Sepak Bola yang Melawan Kolonialisme

Beberapa waktu lalu, ketika INSISTPress akan meluncurkan buku Henry Bernstein berjudul Dinamika Kelas dalam Perubahan Agraria, saya sempat menulis status Facebook tentang film Lagaan. Dalam bahasa Hindi, “Lagaan” artinya “upeti”. Film ini berkisah tentang pemerasan terhadap para petani di sebuah desa di India pada masa kolonial Inggris; tema yang kebetulan menjadi bagian dari pembahasan sejarah kapitalisme agraria di buku Bernstein. Pemerasan dilakukan oleh para elit politik lokal, yang kemudian menyerahkan upeti hasil pemaksaan kepada begundal kolonial Inggris.
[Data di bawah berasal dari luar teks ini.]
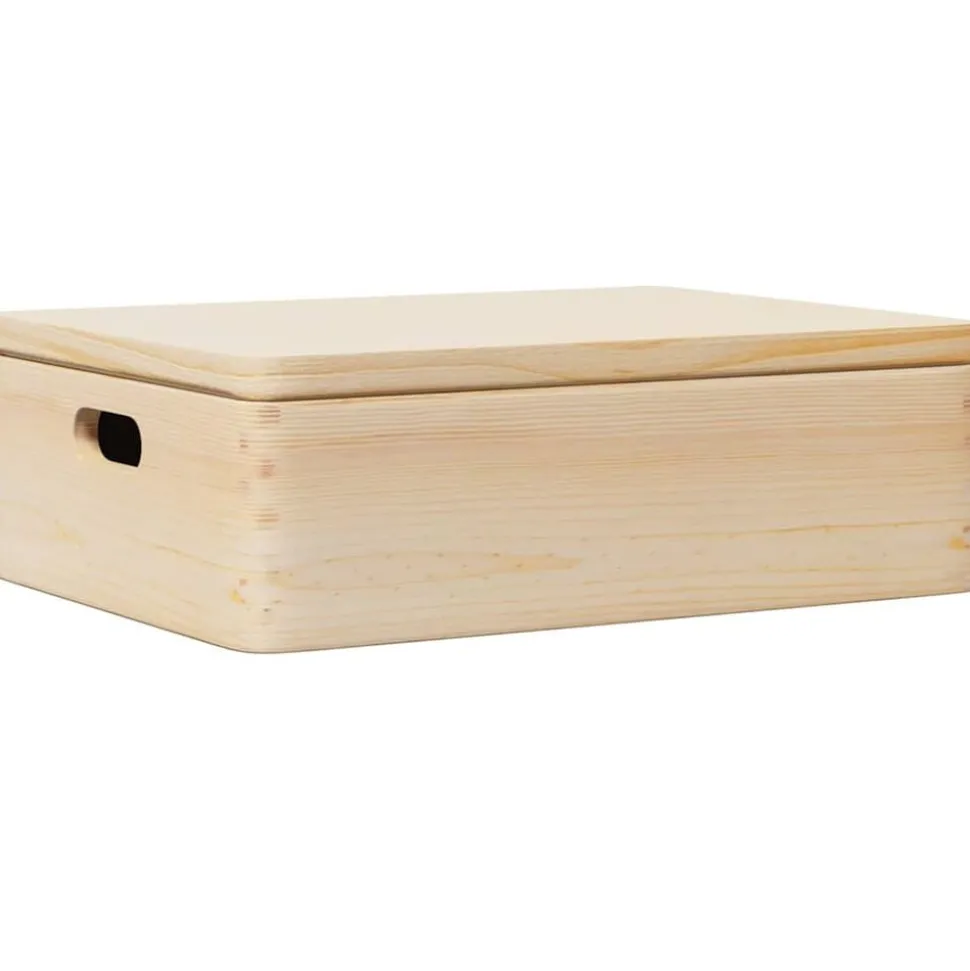 vidaXL Boîte en bois avec couvercle et poignées bois de pin massif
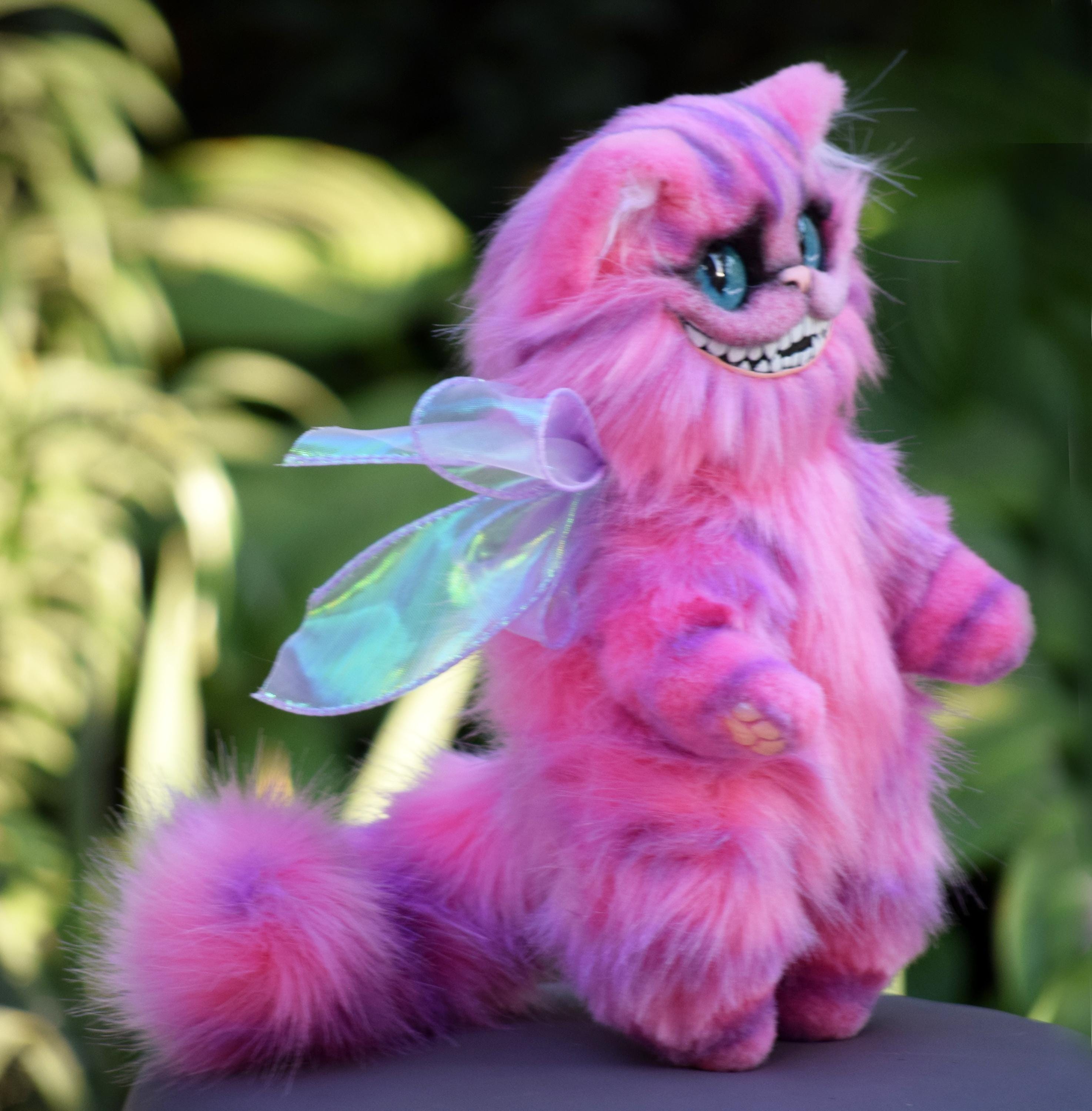 チェシャ猫のふわふわリアルなおもちゃ ピンク - Etsy 日本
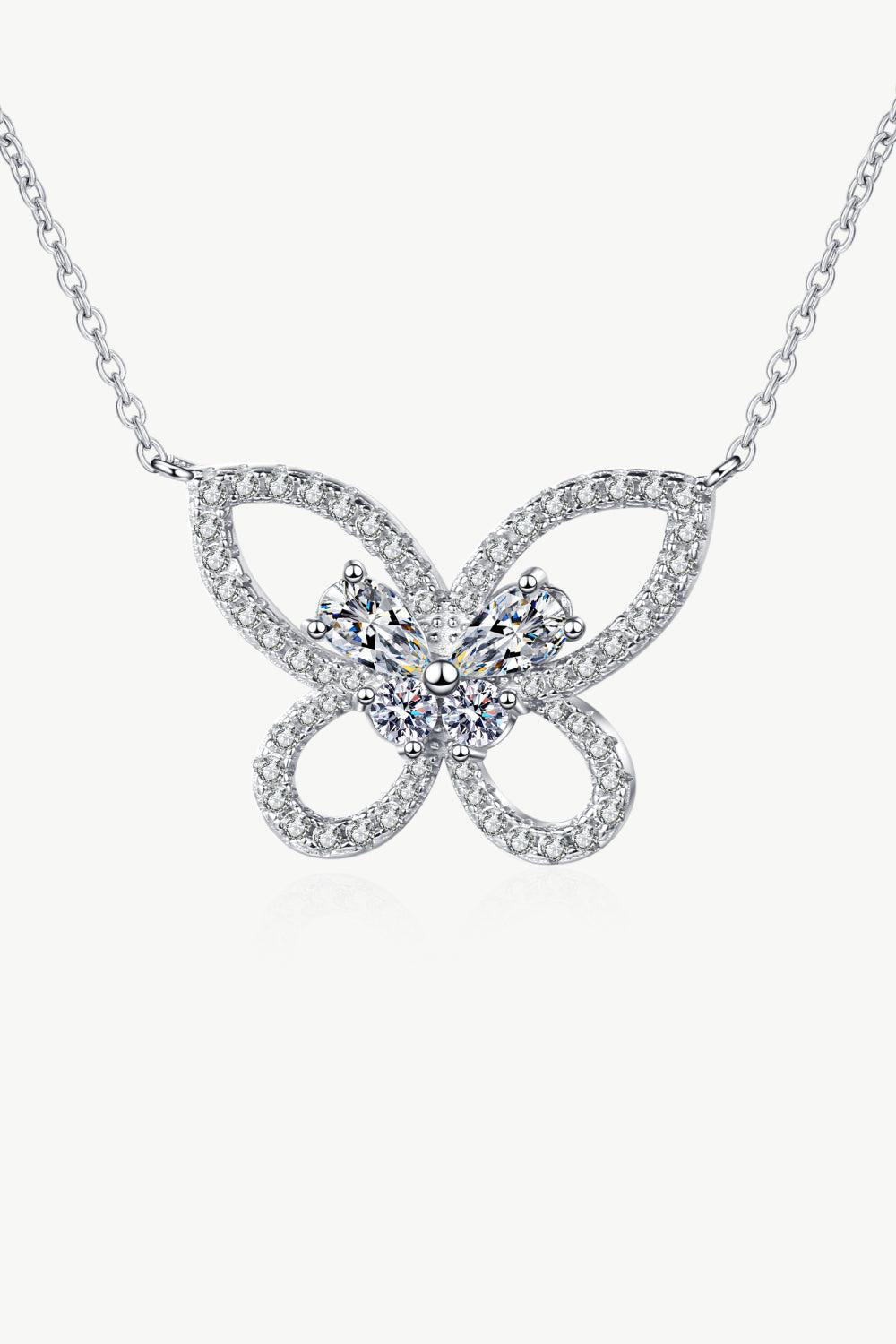 Moissanite Butterfly Pendant Necklace BLUE ZONE PLANET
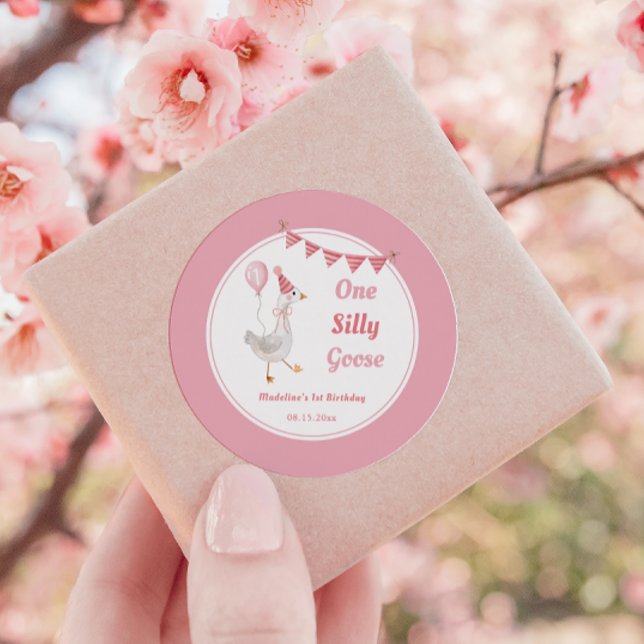 One Silly Goose Pink Girl Birthday Classic Round Sticker (Creator Uploaded)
Uniknya, setidaknya sebagai sebuah film, pertentangan soal upeti yang melibatkan petani dan pihak kolonial Inggris diselesaikan oleh Lagaan bukan melalui perang senjata api, atau perlawanan sehari-hari, melainkan melalui pertandingan kriket! Ya, sebuah pertandingan kriket, olahraga paling terkenal di hampir semua tanah jajahan Inggris, tak terkecuali di India.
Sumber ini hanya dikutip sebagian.